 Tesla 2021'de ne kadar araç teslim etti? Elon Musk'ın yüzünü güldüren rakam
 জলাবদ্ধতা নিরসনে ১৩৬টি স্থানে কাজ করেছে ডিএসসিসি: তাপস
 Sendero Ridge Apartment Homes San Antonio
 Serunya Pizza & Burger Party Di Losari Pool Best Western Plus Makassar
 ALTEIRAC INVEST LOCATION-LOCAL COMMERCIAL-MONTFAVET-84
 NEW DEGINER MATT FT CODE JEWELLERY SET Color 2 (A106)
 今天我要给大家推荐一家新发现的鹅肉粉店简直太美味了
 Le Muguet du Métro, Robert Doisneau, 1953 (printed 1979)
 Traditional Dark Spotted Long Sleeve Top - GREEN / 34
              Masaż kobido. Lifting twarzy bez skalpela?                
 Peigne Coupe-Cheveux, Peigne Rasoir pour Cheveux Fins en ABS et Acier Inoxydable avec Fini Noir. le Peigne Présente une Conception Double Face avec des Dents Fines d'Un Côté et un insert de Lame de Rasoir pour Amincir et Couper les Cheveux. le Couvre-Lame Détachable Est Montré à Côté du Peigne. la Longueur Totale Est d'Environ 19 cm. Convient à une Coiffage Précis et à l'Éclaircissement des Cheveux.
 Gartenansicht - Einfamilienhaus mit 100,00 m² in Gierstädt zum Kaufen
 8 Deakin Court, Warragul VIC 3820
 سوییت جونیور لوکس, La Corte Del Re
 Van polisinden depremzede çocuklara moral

_ _ _ _ _

Directions: Could you reproduce every record above exactly as it appears?

Response for this exercise:
 Tesla 2021'de ne kadar araç teslim etti? Elon Musk'ın yüzünü güldüren rakam
 জলাবদ্ধতা নিরসনে ১৩৬টি স্থানে কাজ করেছে ডিএসসিসি: তাপস
 Sendero Ridge Apartment Homes San Antonio
 Serunya Pizza & Burger Party Di Losari Pool Best Western Plus Makassar
 ALTEIRAC INVEST LOCATION-LOCAL COMMERCIAL-MONTFAVET-84
 NEW DEGINER MATT FT CODE JEWELLERY SET Color 2 (A106)
 今天我要给大家推荐一家新发现的鹅肉粉店简直太美味了
 Le Muguet du Métro, Robert Doisneau, 1953 (printed 1979)
 Traditional Dark Spotted Long Sleeve Top - GREEN / 34
              Masaż kobido. Lifting twarzy bez skalpela?                
 Peigne Coupe-Cheveux, Peigne Rasoir pour Cheveux Fins en ABS et Acier Inoxydable avec Fini Noir. le Peigne Présente une Conception Double Face avec des Dents Fines d'Un Côté et un insert de Lame de Rasoir pour Amincir et Couper les Cheveux. le Couvre-Lame Détachable Est Montré à Côté du Peigne. la Longueur Totale Est d'Environ 19 cm. Convient à une Coiffage Précis et à l'Éclaircissement des Cheveux.
 Gartenansicht - Einfamilienhaus mit 100,00 m² in Gierstädt zum Kaufen
 8 Deakin Court, Warragul VIC 3820
 سوییت جونیور لوکس, La Corte Del Re
 Van polisinden depremzede çocuklara moral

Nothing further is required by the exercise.